RECORDS SHOWN START

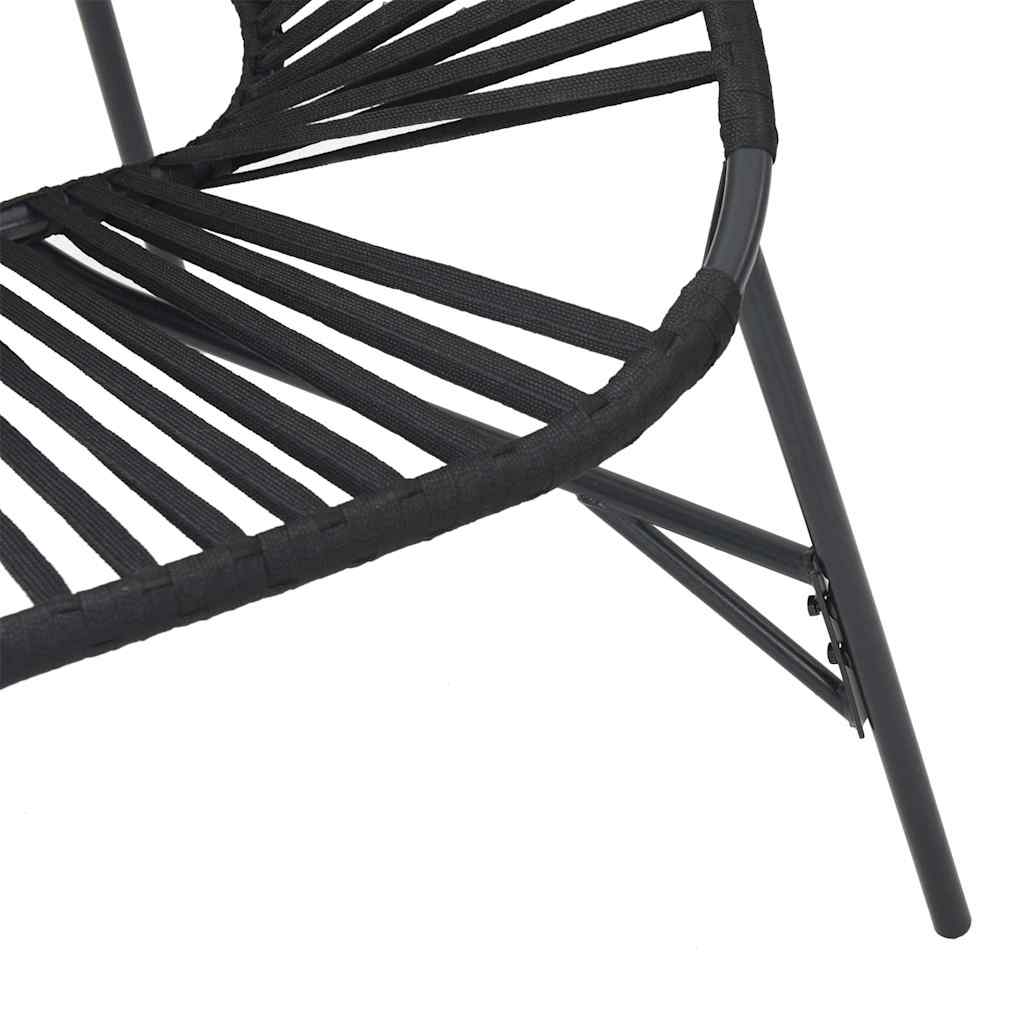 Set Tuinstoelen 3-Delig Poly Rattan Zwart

RECORDS SHOWN END
RECORDS SHOWN START

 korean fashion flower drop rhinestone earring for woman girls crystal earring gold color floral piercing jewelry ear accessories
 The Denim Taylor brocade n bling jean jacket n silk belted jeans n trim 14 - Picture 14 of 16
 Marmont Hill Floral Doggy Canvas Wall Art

RECORDS SHOWN END
RECORDS SHOWN START

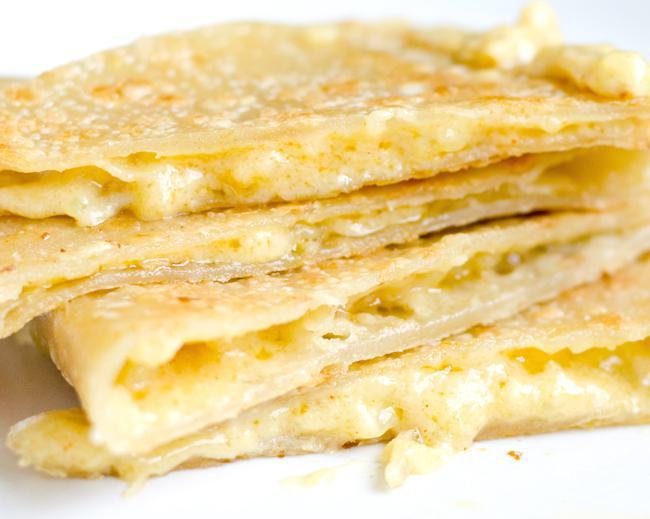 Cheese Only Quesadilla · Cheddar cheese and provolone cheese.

RECORDS SHOWN END

_WORK ITEM:_
Output the lines above exactly, but only those between the line holding "korean fashion flower" and the line holding "Marmont Hill Floral Doggy Canvas Wall Art", inclusive.

_FINISHED EXERCISE:_
 korean fashion flower drop rhinestone earring for woman girls crystal earring gold color floral piercing jewelry ear accessories
 The Denim Taylor brocade n bling jean jacket n silk belted jeans n trim 14 - Picture 14 of 16
 Marmont Hill Floral Doggy Canvas Wall Art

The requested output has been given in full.